Kambur – Şule Gürbüz

Yazan: Rahime Alcan

Webmaster

Arka kapak yazısında Murat Belge’nin “Genç bir yazarın ilk eseri denecek, “juvenilla” kategorisine sokulacak hiçbir yanı yoktu Kambur’un. Olgun bir yazarın elinden çıkmış, acemiliği, sakarlığı olmayan, olgun bir metindi,” cümlesiyle değerlendirdiği Kambur’u okuduğumda olgun ve kendine has bir kalemin tadını hissettim.

Sitede Yayınlanma Tarihi: 3 Mart 2022

Ülke: Türkiye

Türü: Roman

Okur Yaşı: Genel okur kitlesi

Sayfa Sayısı: 92 sayfa

İmla: ☺️

Ebat: 13 x 19.5 cm

Kategoriler:

İnceleme

Gerçekten de Kambur Şule Gürbüz’ün henüz on sekiz yaşında yazdığı bir ilk roman. Kambur, postmodern anlatı özelliklerini seven, okuduğu romanda bu tadı bulmak isteyen her okuru kendisine bağlayacak bir kitap. Yazar, toplumdan soyutlanan, fiziksel özelliklerinin farkında olan kambur bir karakteri bilinç akışı tekniğiyle okuyucuya sunuyor.

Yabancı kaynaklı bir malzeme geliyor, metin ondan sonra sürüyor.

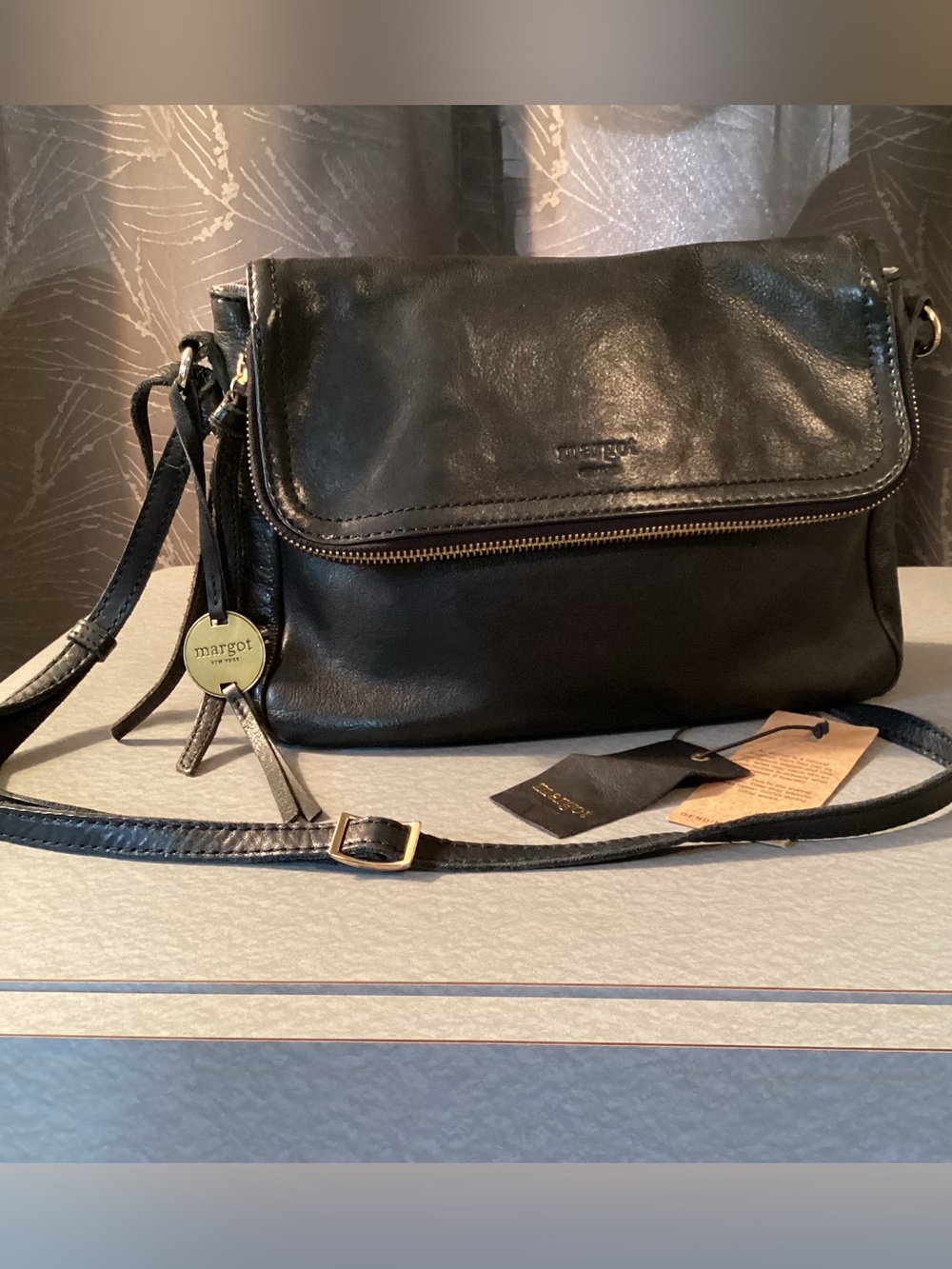 margot Genuine Leather Zip-Flap &Snap Crossbody Bag, interior zip & other pocket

Kambur, kapak tasarımıyla da hayli ilgi çekici. Kapakta görünen insan yüzü, bir maskeyi andırıyor. Fiziksel özellikleriyle barışık olmayan Kambur, kendini dışlanmış hisseden herkes gibi, ruhunun derinliklerindeki çalkantıları açığa vuruyor. Sıra dışı anlatımla yer yer sayıklamalara varan duygularıyla alttan alta toplumsal bir eleştiri de seziliyor.

Düşünsel düzlemde ilerleyen bir anlatım

Mekanik saat ustası olan Şule Gürbüz, bazı yerde zamanla oynamış, âdeta zamanı eğip bükmüş. Kambur metaforlarla ilerliyor ve bazı yerlerde düşünüp bu metaforları çözmek gerekiyor.

Kambur’un aklından geçenler, sayıklamalara varan cümleler onun yalnızlığını ön plana çıkarıyor. Onun bedenini görenler ruhunu, kişiliğini görmüyor, bakışlarının ve gözlerinin ne kadar keskin olduğunu fark etmiyor. Toplumda kendisini yalnız hisseden kambur aslında zekâsıyla herkesle alay ediyor.

Cümleler bazı yerde kafa karışıklığı yaratıyor bazı yerde dönüp tekrar okuyup o cümlenin kitaba kattığı anlamı sorgulamak gerekiyor. Cümleler ve anlatım akıcı olmakla beraber, aynı zamanda düşündürücü. Bazı ince mizah öğeleri metne yerleştirilmiş. Hem iç ses hem de yazarın yorumuyla beraber az sözle çok şey anlatma gayreti var kitapta.

Bu kitapta karakter var fakat olay, zaman, mekân yok. Tamamen düşünsel düzlemde ilerliyor. Okur Kambur’un zihin dünyasında gezintiye çıkıyor, karakterin kendisiyle ve toplumun geneliyle çatışmasını derinden hissediyor.

Duvar yazıları

Kambur, hayatı müzikle bağdaştırıyor, insanların doğumundan ölümüne kadar müziğe eşlik ettiğinden bahsediyor. Soyut bir kavram olan müziği, yaşamının içine sokuyor. Hayatın ve insanların kimi zaman durgun kimi zaman hareketli olunduğunu, kafalarındaki müziğe uymak zorunda olduğunu anlatıyor.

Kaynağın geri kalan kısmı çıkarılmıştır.